Aim of the exercise
Please transcribe, word for word, only the lines from the one containing "Front 3/4 View of 2014 Tahoe LTZ" through the last line of the records below, both included, and leave out every picture.
- - - - -
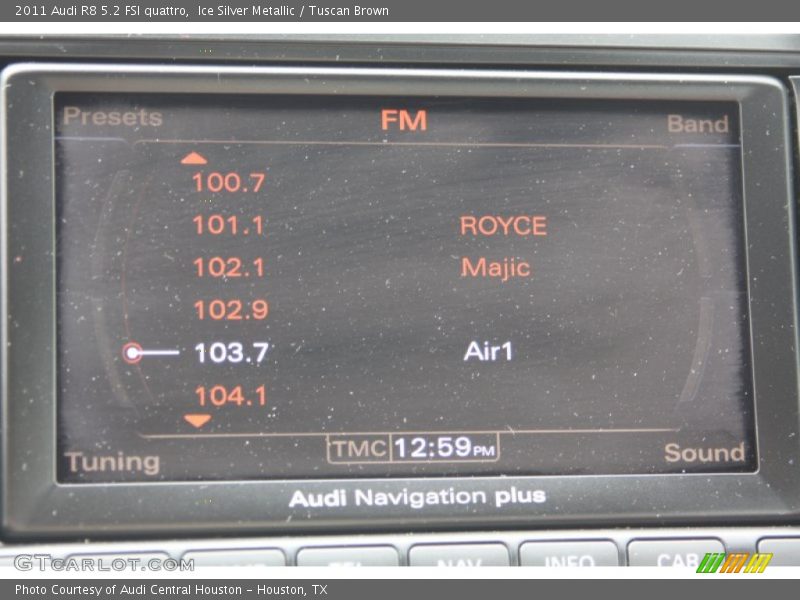 Audio System of 2011 R8 5.2 FSI quattro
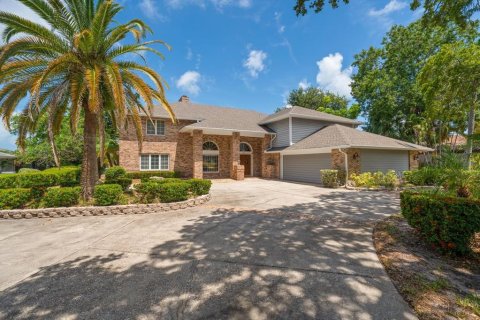 House in Largo, Florida 5 bedrooms, 444.63 sq.m. № 2224361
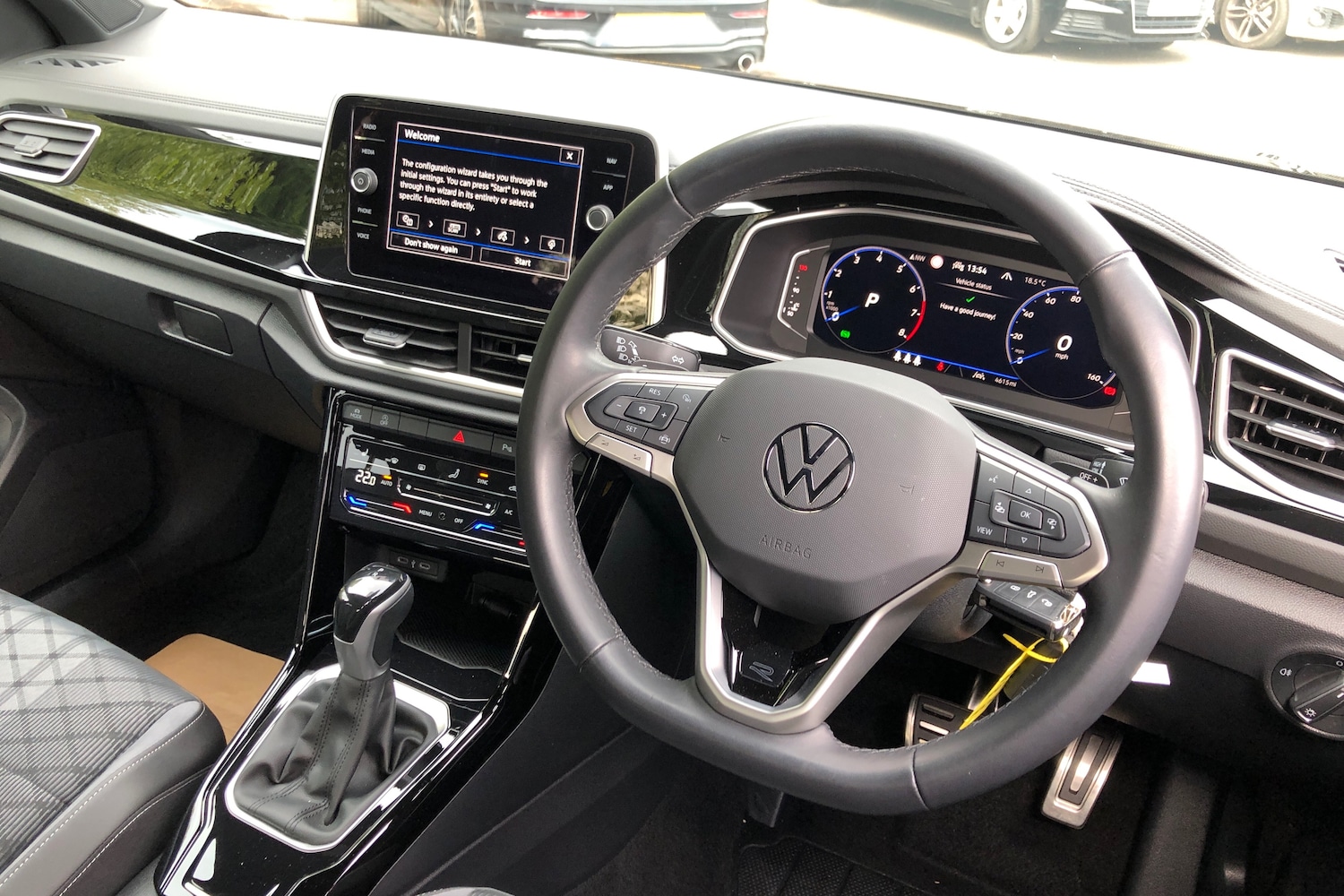 Used Volkswagen T-Roc 2024 for sale - 76676907: Photo 6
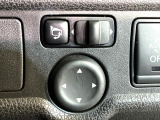 【電動格納ミラー】サイドミラーは電動格納式となっており、狭い駐車場でもキズがつくリスクを抑えられます。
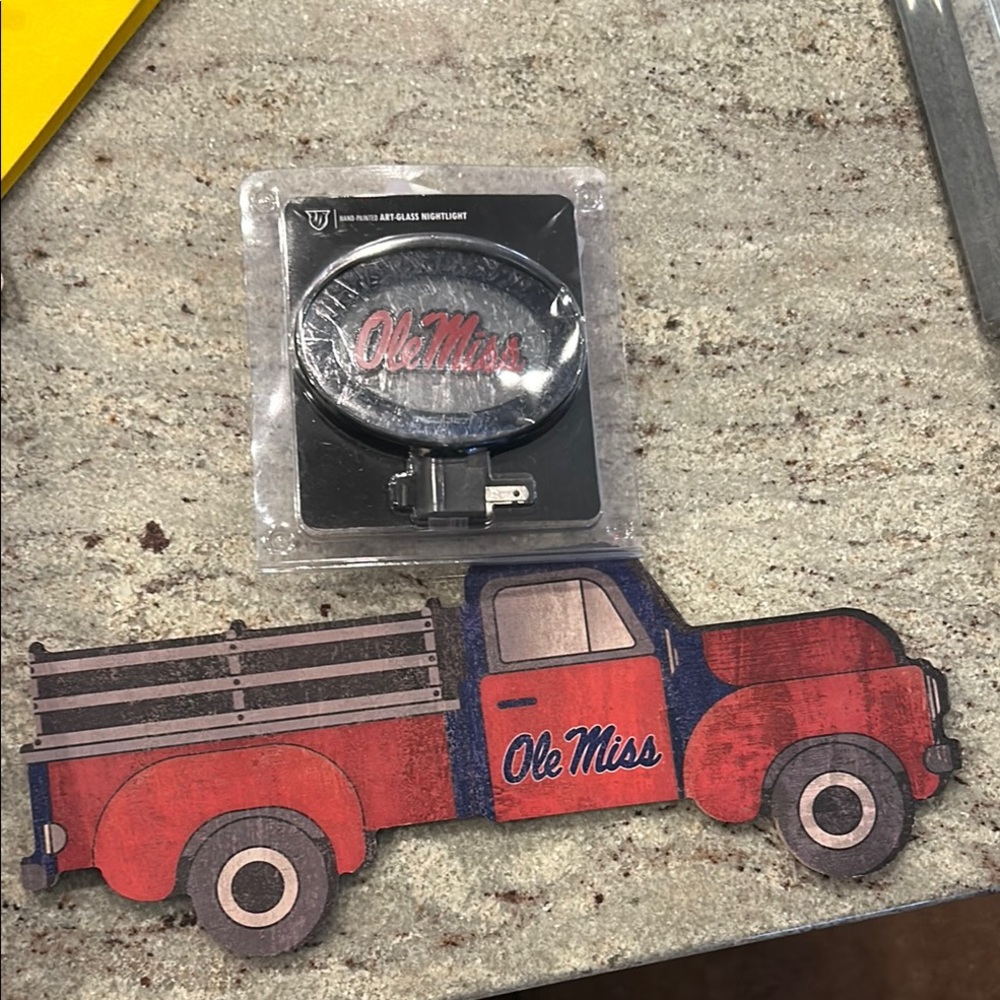Ole Miss Red Truck decor and nightlight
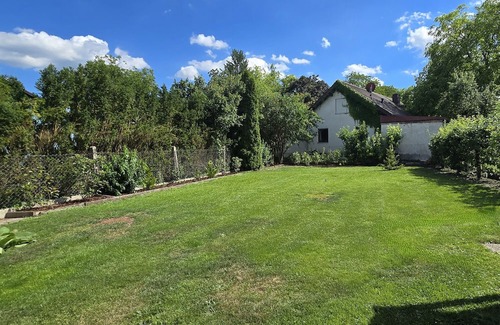 Vohburg an der Donau House | Holiday Home 'Donauliebe' with Private Terrace and Private Garden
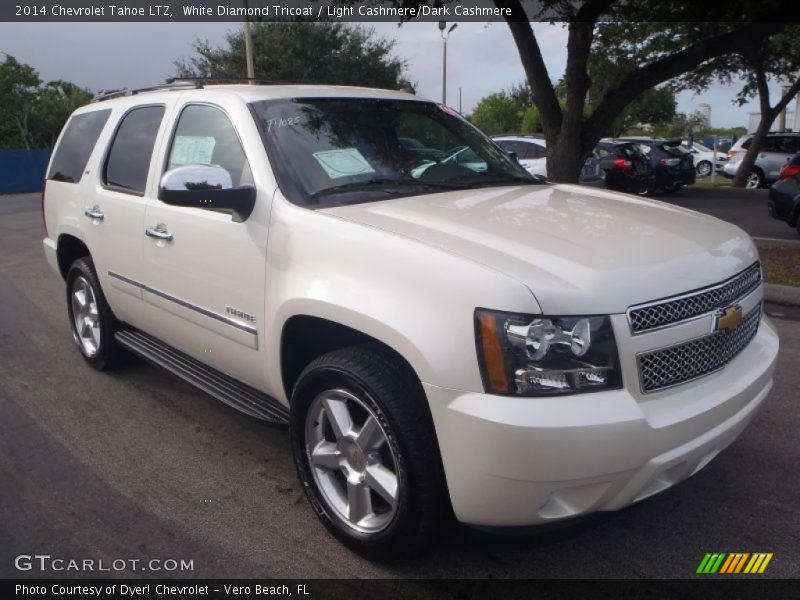Front 3/4 View of 2014 Tahoe LTZ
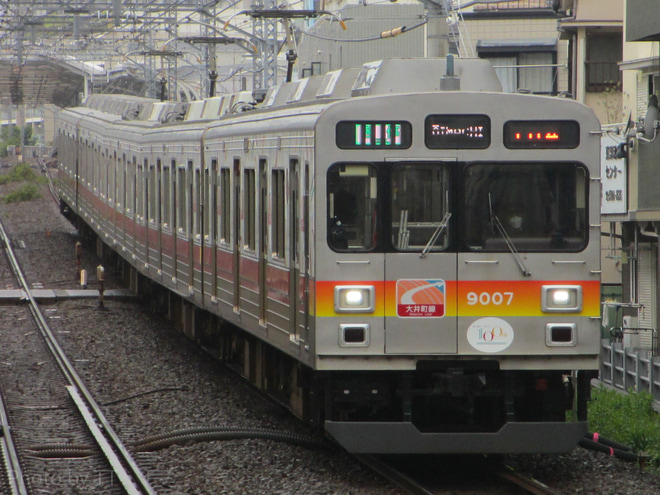 【東急】9000系9007Fが「東急グループ100周年トレイン」にを荏原町駅で撮影した写真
- - - - -
Exercise result
Front 3/4 View of 2014 Tahoe LTZ
 【東急】9000系9007Fが「東急グループ100周年トレイン」にを荏原町駅で撮影した写真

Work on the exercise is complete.